* Assignment *
Only the lines from the top of the records below through the line containing "Eva Gold Tip Flatware - www.Shopthatapp.com" should be printed, exactly and without pictures.

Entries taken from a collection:
########
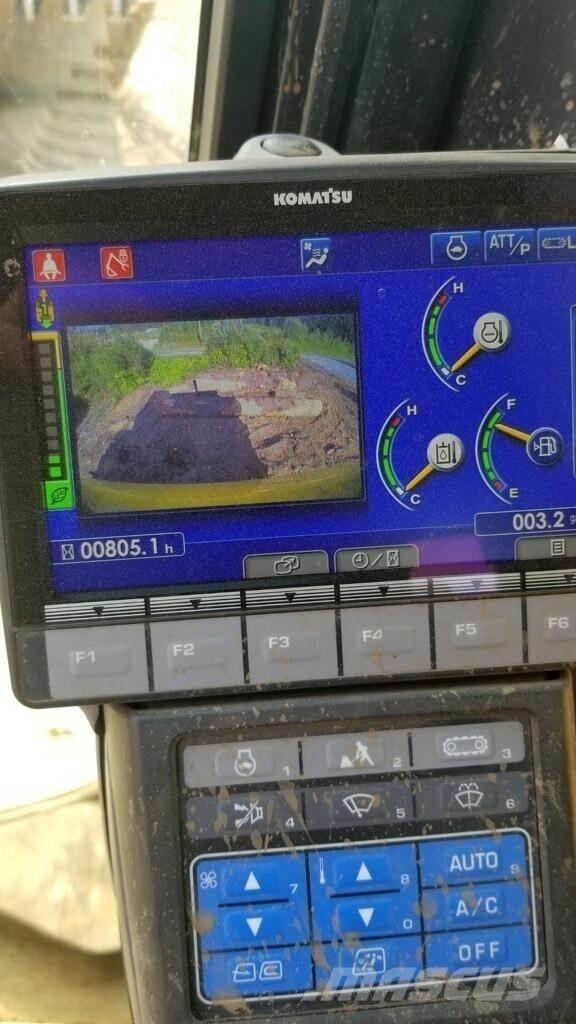 Komatsu PC490 LC-11 Raupenbagger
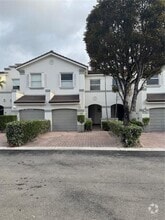 Building Photo - 11285 NW 42nd Terrace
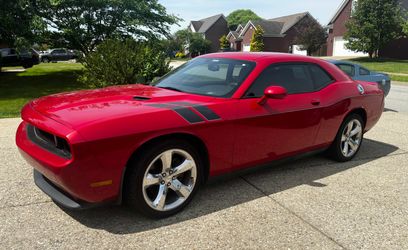 Used 2013 Dodge Challenger SXT w/ Super Sport Group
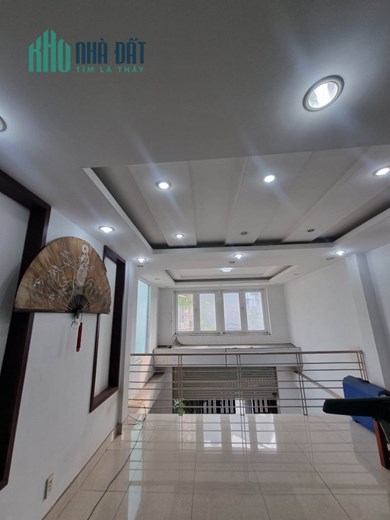 Nhà HXH hạ chào sâp sàn Trường Chinh, P15, Tân Bình, 80m2, 4 tầng. 8.2 tỷ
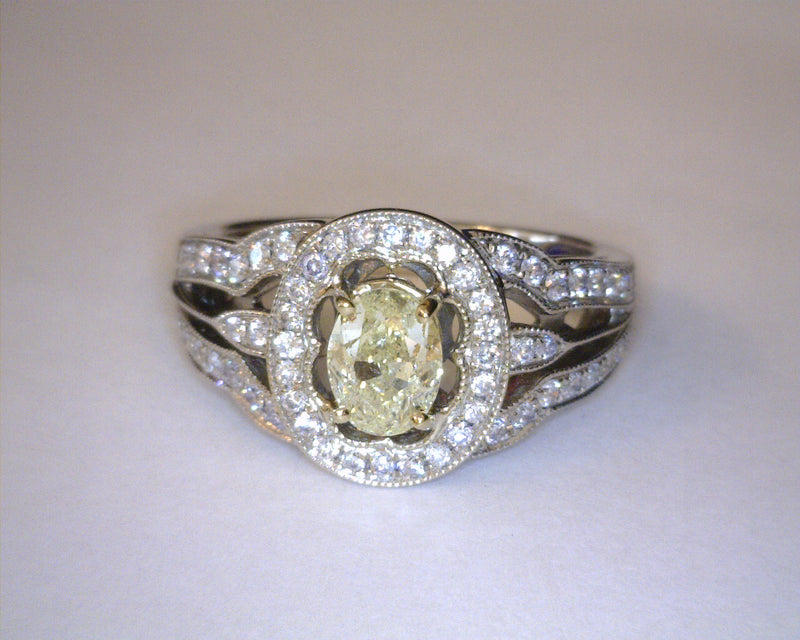 18K WG HALO YELLOW DIAMOND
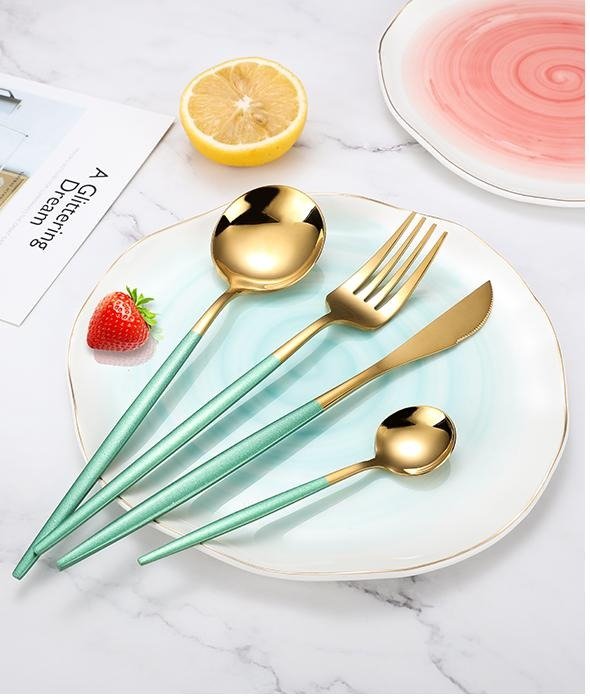 Eva Gold Tip Flatware - www.Shopthatapp.com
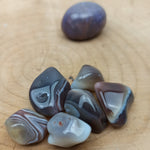 Botswana Agaat (grijs) trommelstenen – curated crystal by Marga Jacobs | rust, symboliek en intuïtieve zelfzorg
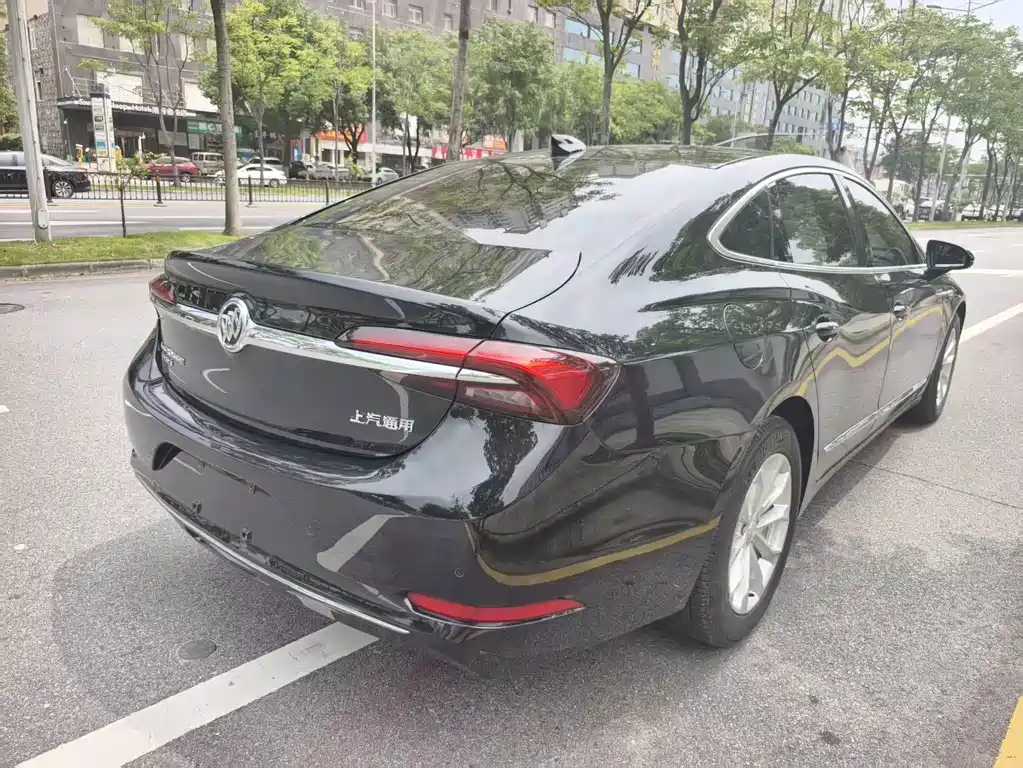 Buick LaCrosse — миниатюра 6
########
* Task answer *
 Komatsu PC490 LC-11 Raupenbagger
 Building Photo - 11285 NW 42nd Terrace
 Used 2013 Dodge Challenger SXT w/ Super Sport Group
 Nhà HXH hạ chào sâp sàn Trường Chinh, P15, Tân Bình, 80m2, 4 tầng. 8.2 tỷ
 18K WG HALO YELLOW DIAMOND
 Eva Gold Tip Flatware - www.Shopthatapp.com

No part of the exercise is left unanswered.